Housing crisis worsening violence against women, group says

The NWC is calling for stronger legal protections that would allow women and children in abusive situations to remain safely in the family home, and for perpetrators to be removed instead.
Housing crisis worsening violence against women, group says

Ottoline Spearman

The housing crisis is compounding violence against women, the National Women's Council (NWC) has said.

In a paper released on Wednesday, the organisation said that the housing crisis is enabling exploitation of women, in scenarios such as sex for rent exploitation.

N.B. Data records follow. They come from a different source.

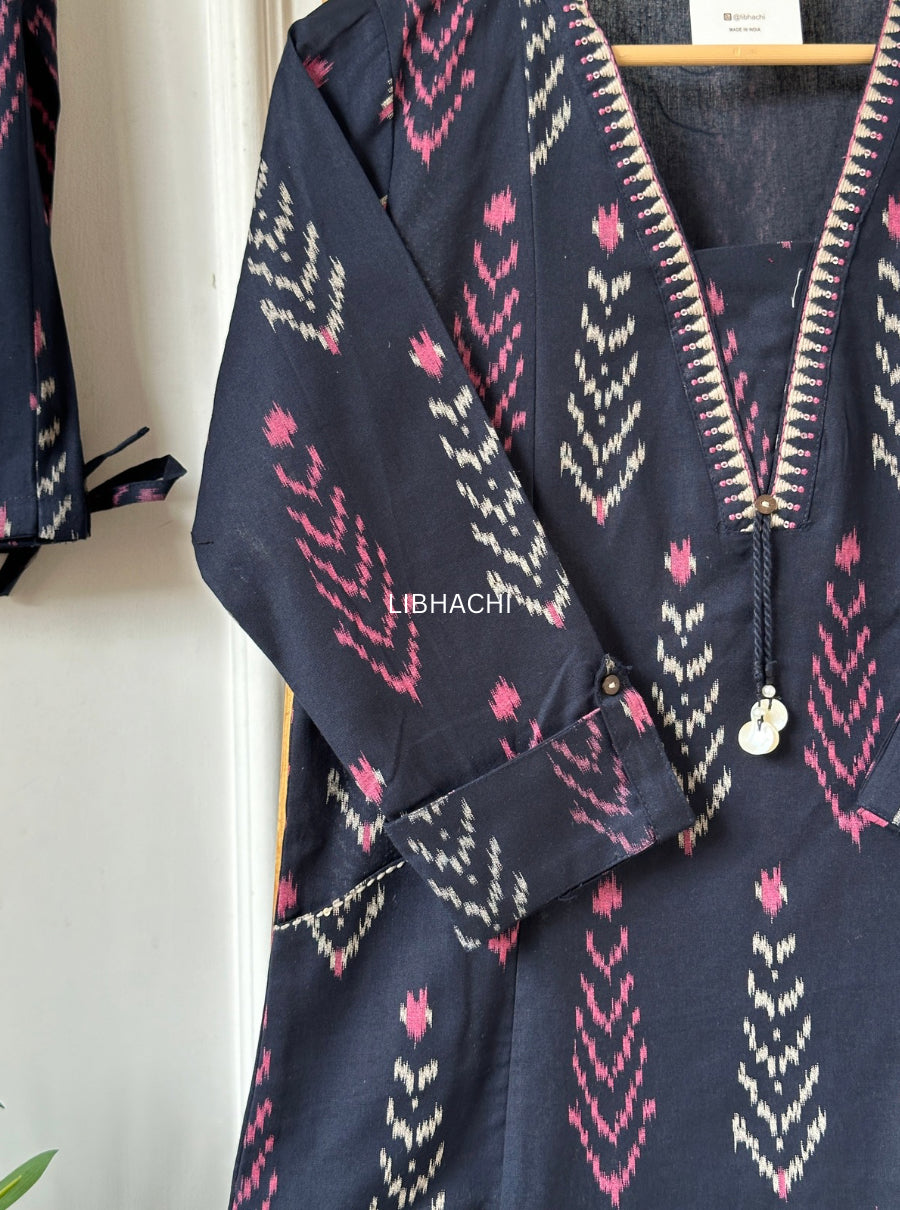 The “Ikat Edit Co-ord Set”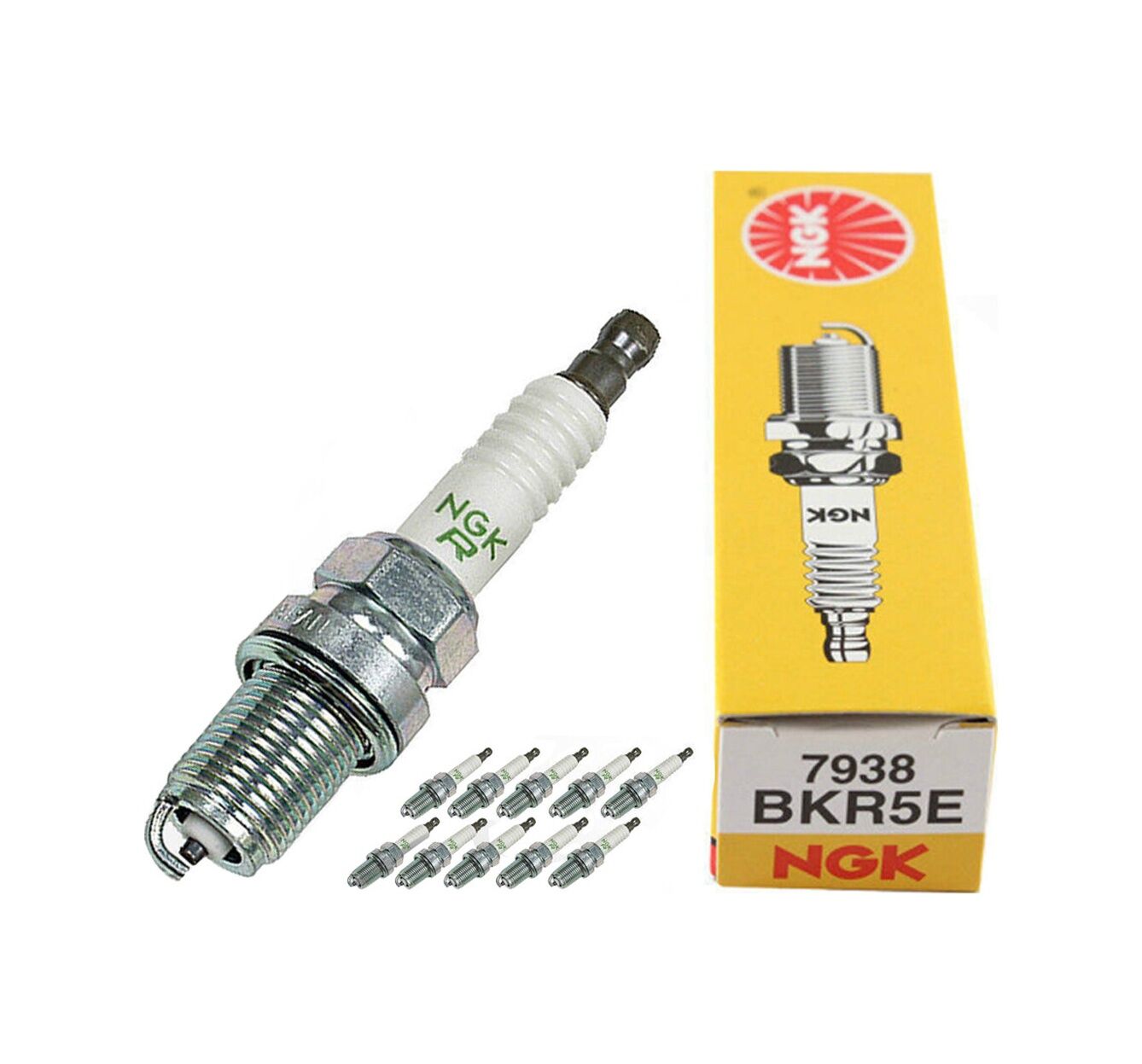 Ateşleme Bujisi Almera / Prımera / Sunny / 323 / Sephıa 1.4 1.6 Sportage 94-99 Bkr5e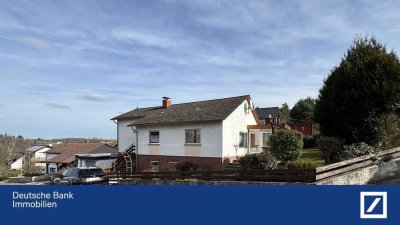 Großzügiger Bungalow mit Potenzial für individuelle Gestaltung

Speaking on Newstalk, NWC's director Corrinne Hasson said: "The housing crisis is compounding the shocking levels of violence against women. Women leaving abuse, often with children, encounter a system with severely limited availability due to high demand, capable of only really meeting that short-term emergency accommodation need.

"More must be done to keep women and children in their homes and their communities, to stop them from falling through the cracks in the first place."

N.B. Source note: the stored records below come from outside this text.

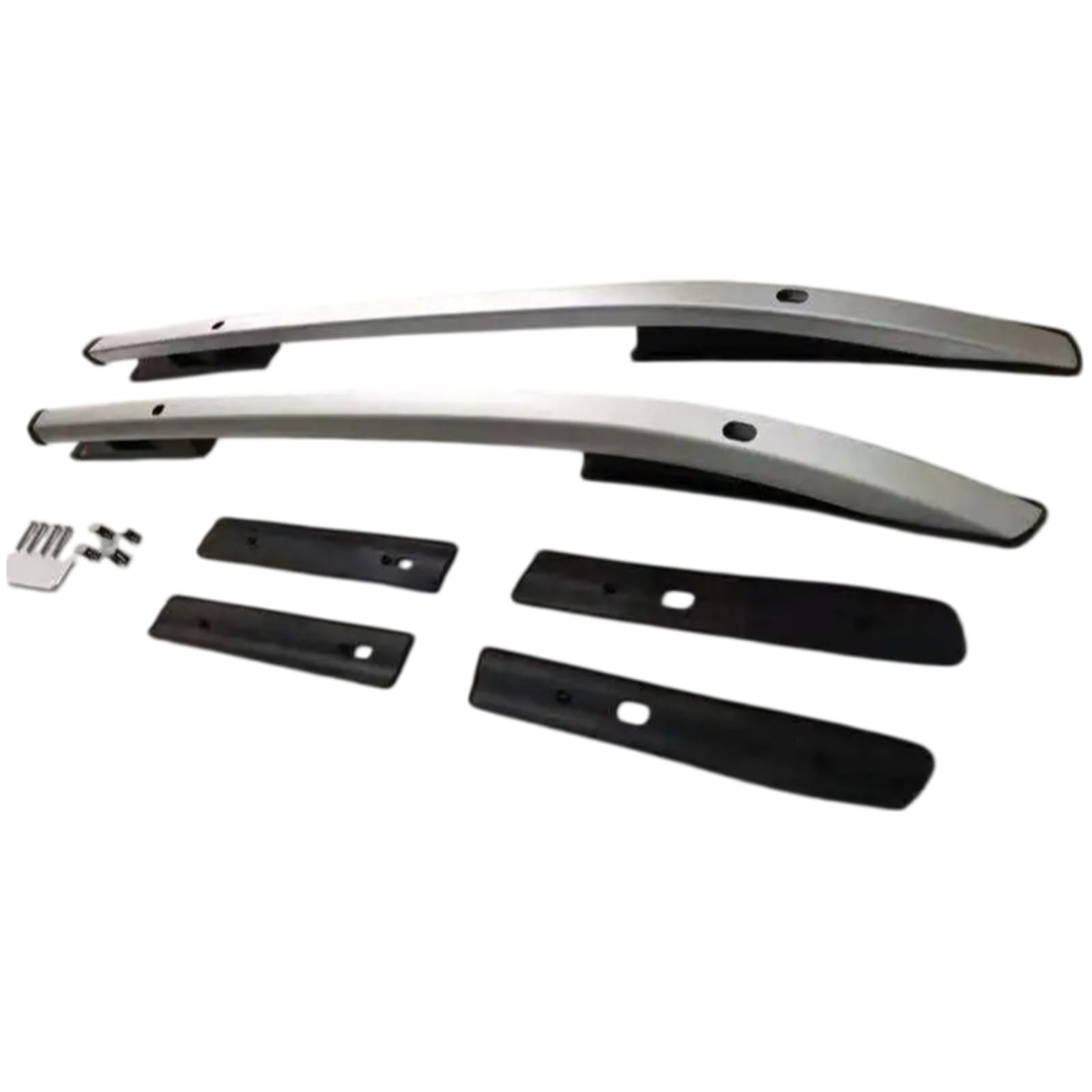 Barre De Toit Triton L200 Porte-Bagages Solution Chargement Silver - 5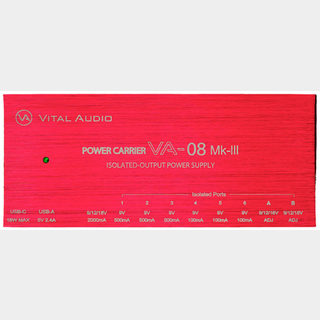 Vital Audio、VA-08 Mk-IIの検索結果【楽器検索デジマート】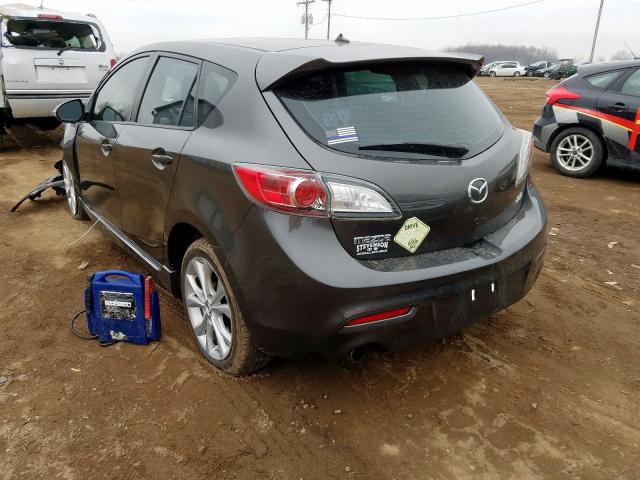 Photo 2 VIN: JM1BL1H53A1222890 - MAZDA 3 S 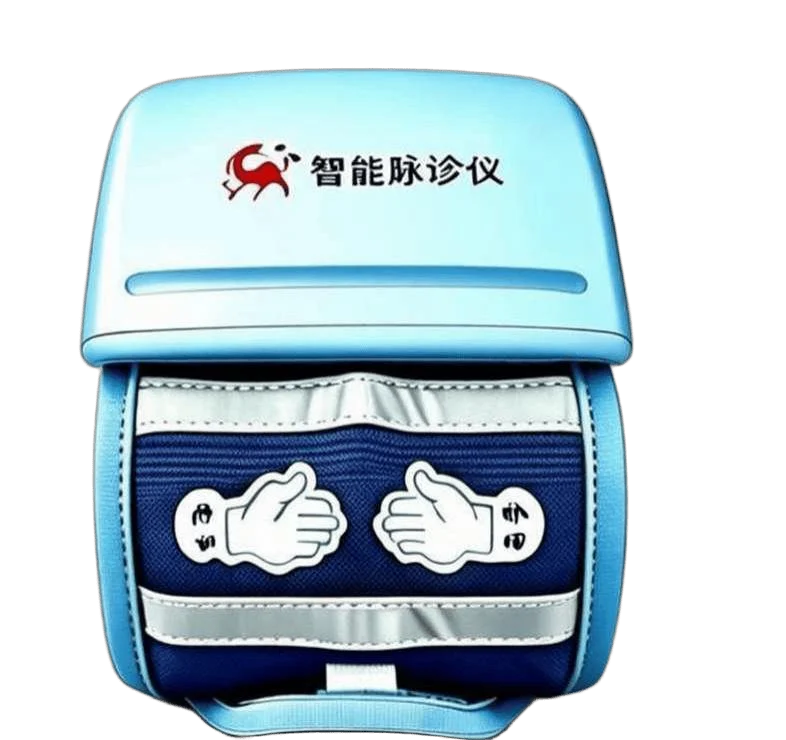 AI 智能中医问诊仪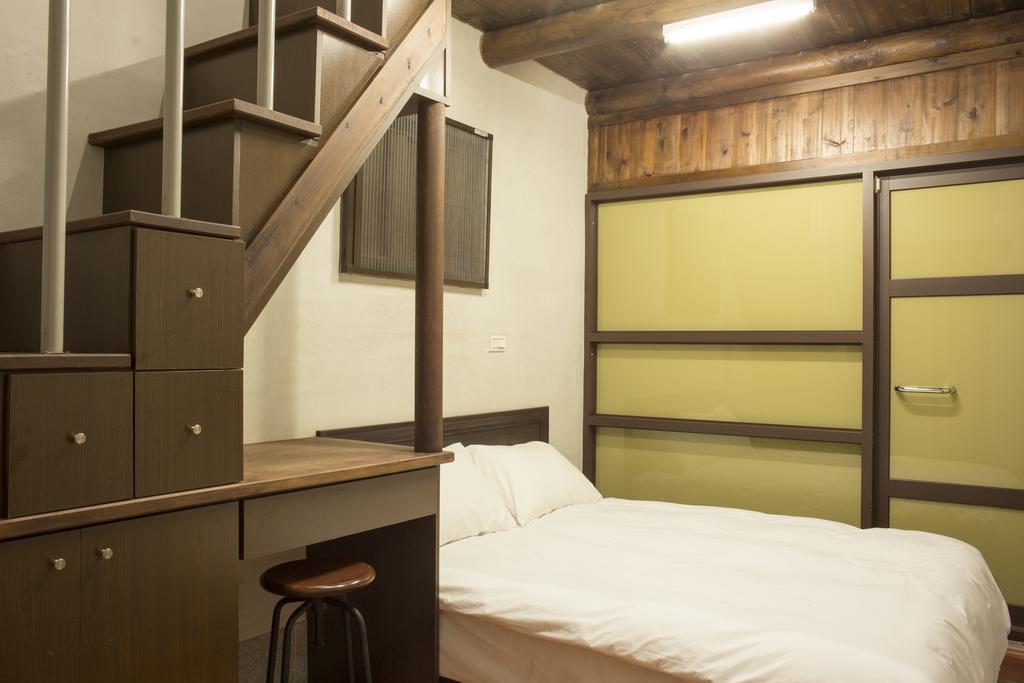 Horseshoe Crab Cottage Kinmen Экстерьер фото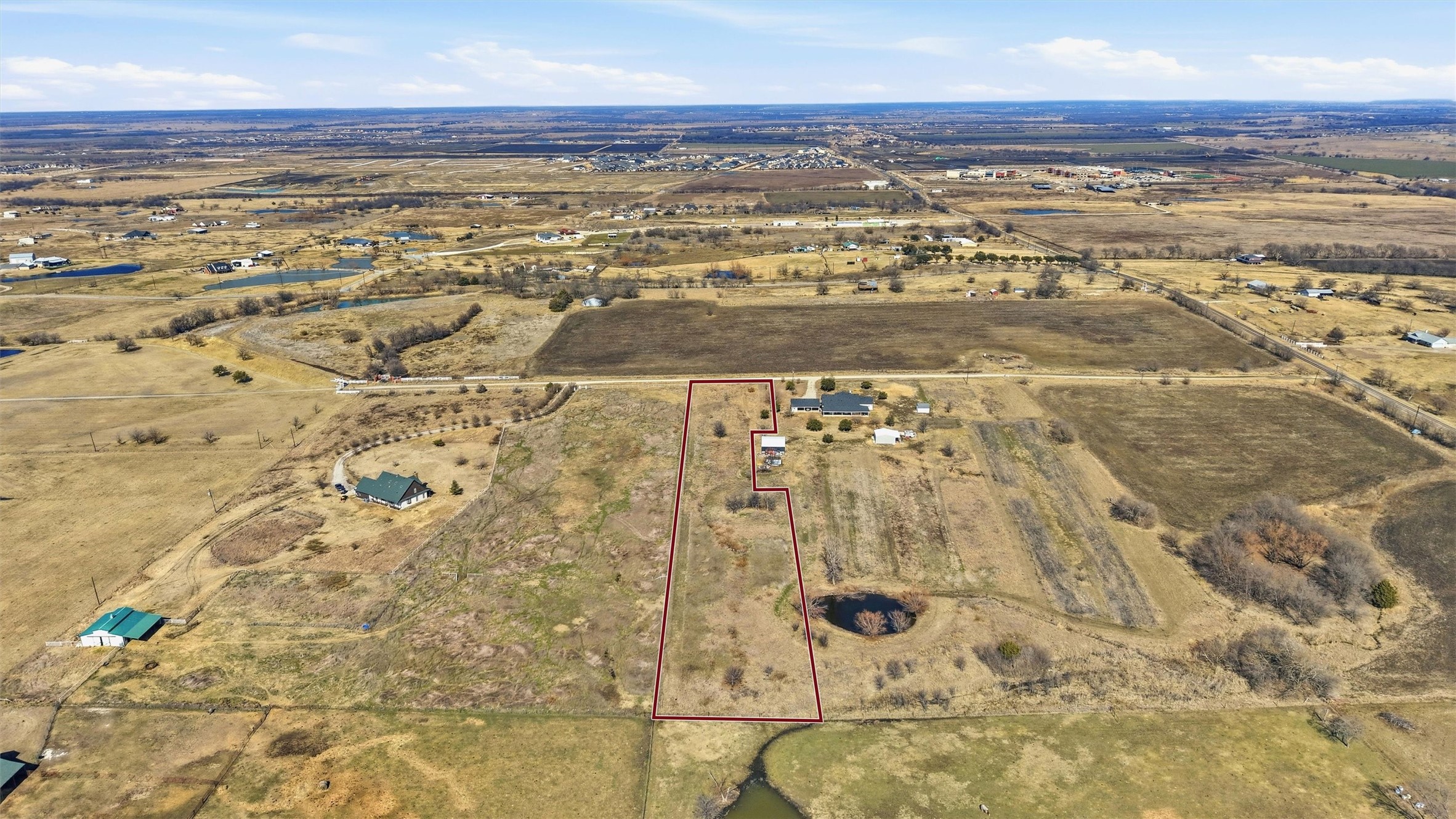 Tbd Preston Estates Drive Celina TX 75009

There are over 5,000 children in homeless services, with 4,500 women in emergency accommodation, but the organisation says that these figures are "just the tip of the iceberg".

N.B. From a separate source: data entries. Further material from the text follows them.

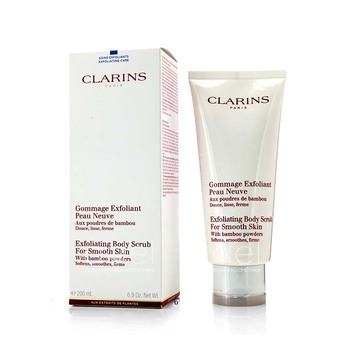 Exfoliating Body Scrub for Smooth Skin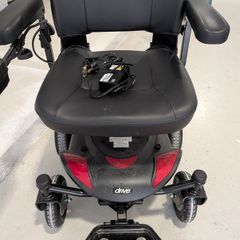 Mobility Scooter. Drive Titan LTE Powerchair
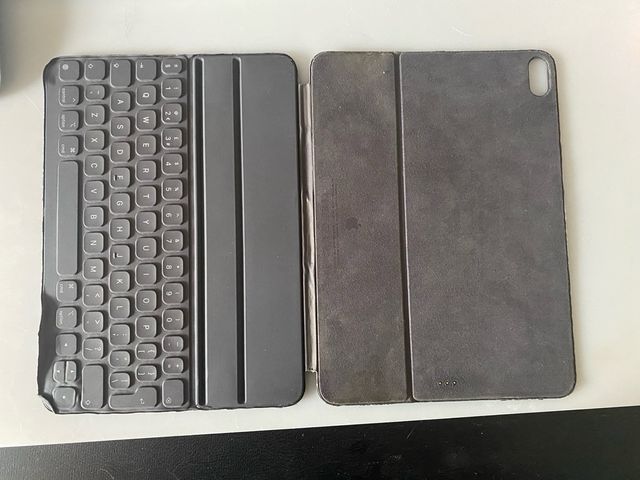 Apple Smart Keyboard Folio iPad non funzionante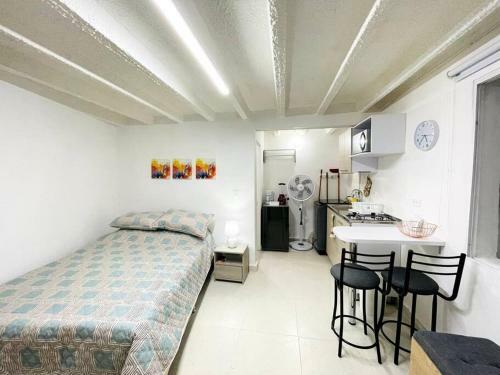 Apartamento Bright Belen Apto 500 Mb Wifi, Walk Everywhere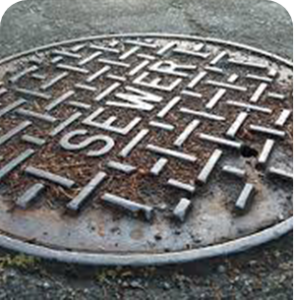 Sewers & Drains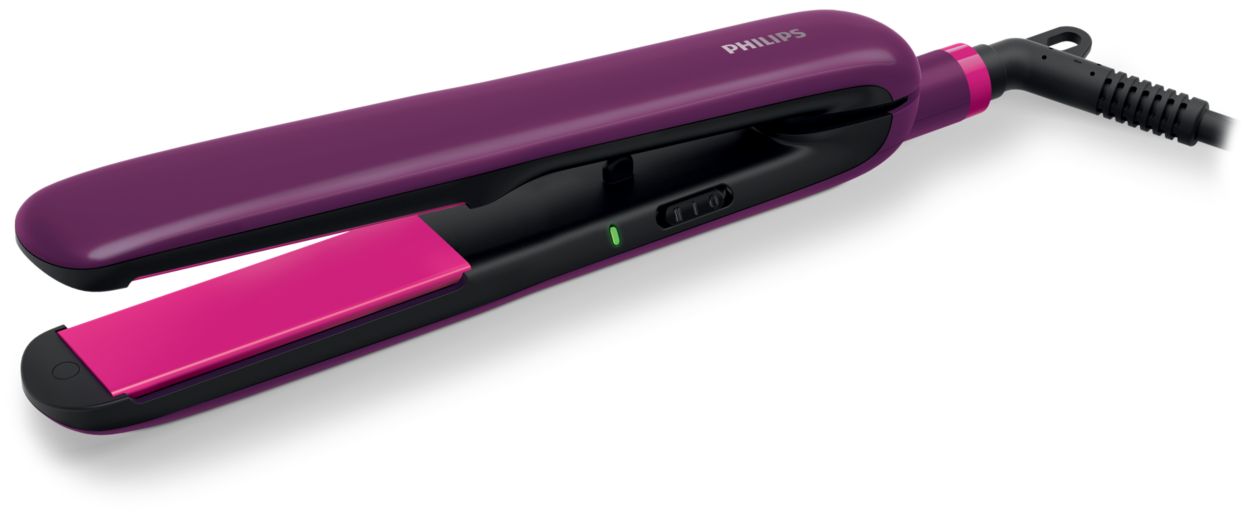 Philips selfie hair straightener best sale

"Official statistics don’t count women in refuges, or families sleeping on couches," said Hasson. "We simply don’t know how many women and families are in homelessness."

"What we do know is that domestic violence is a leading cause of women’s homelessness, and that the housing crisis is enabling exploitation of women, for example in sex for rent exploitation.”

The organisation found that family homelessness is gendered, with 56 per cent of homeless families headed by a lone parent - the vast majority being women who may be escaping violence at home.

Women seeking to escape domestic violence with their children are faced with stark choices which can involve being forced to choose between homelessness, or returning to their abuser.

Some groups of women are also much more likely to experience the housing crisis, including lone parents, traveller and Roma women, and women in international protection.

The NWC is calling for stronger legal protections that would allow women and children in abusive situations to remain safely in the family home, and for perpetrators to be removed instead.

The paper forms part of a submission which will inform the development of the Child and Family Homelessness Action Plan, by the Department of the Taoiseach and the Department of Housing, Local Government and Heritage.

The action plan will be published in spring this year.